There is one factor no one has mentioned yet. Operator skill. Just dumping the clutch and hoping for the best is not going to win many pulling contest. Like drag racing, the drivers talent plays a big role in who will win.


----------



## kljahnz (Mar 22, 2018)

My prediction is this is in your future. 60 inch deck and the 50 inch front blower. If I need to dig I'll use a skid loader.
The fit and finish beats the JD, controls are much more ergonomicly placed.
I was using a 72 inch zero turn to mow (4hrs). I'm a bit slower now, but making a 180 turn (backward 90 and forward 90) really surprised me.
I skiped over the last half of the pages, pissing match about a tractor compared to a 4wheeler wasn't interesting. Visit your dealers and watch a few youtube videos, you'll then be ready to buy what fits your intended use.
ohh, the 4x4 worked great this winter while blowing snow. They pack alot of tractor in a little package.


----------



## NSMaple1 (Mar 22, 2018)

That's a nice rig.

Is the blower shaft drive? Thinking so but not sure.
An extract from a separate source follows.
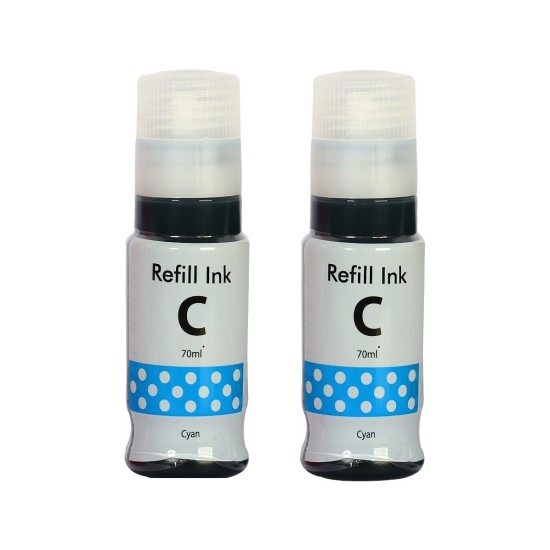 Refill İnk Canon G41 Mürekkep Uyumlu Modeller G1420, G3420, G2420, G2460, G3460(MUADİL) Kutusuz Mürekkep 2 Li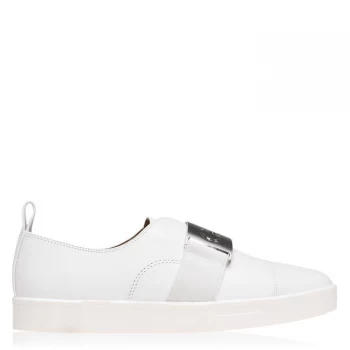 Image of Calvin Klein Trainers - Platinum White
I've been thinking about upgrading our JD ride on to something just like that, but not sure I can convince my other half. I have chains on the back end year round, we have a very hilly lawn that can make for a spin out if not paying attention. So 4WD would be nice. So would a front blower.


----------



## kljahnz (Mar 22, 2018)

Yes, shaft drive. The bx80 series has been revamped, so attachments driven of the front have a new mounting system. A real time saver, dropping the blower and putting the deck on is quick and easy.
Watch some videos and visit a dealer.
I have no chains an not planning to get any. My drive way is around 700 ft long. If I was using a blade, I'd probably want chains.


----------



## kljahnz (Mar 22, 2018)

When you watch those videos, there is a bias, so watch each and remember they will always try to show their product in a brighter lite.


----------



## NSMaple1 (Mar 22, 2018)

Interesting that 32 votes have been cast in the poll and none of them are for JD. They're fairly popular around here. We only ended up with ours because we won it in a 4H raffle - but I have been pretty happy with it. Then again the huge step up from the old Yardman would likely have made any replacement look good.


----------



## dave_dj1 (Mar 22, 2018)

NSMaple1 said:


> Interesting that 32 votes have been cast in the poll and none of them are for JD. They're fairly popular around here. We only ended up with ours because we won it in a 4H raffle - but I have been pretty happy with it. Then again the huge step up from the old Yardman would likely have made any replacement look good.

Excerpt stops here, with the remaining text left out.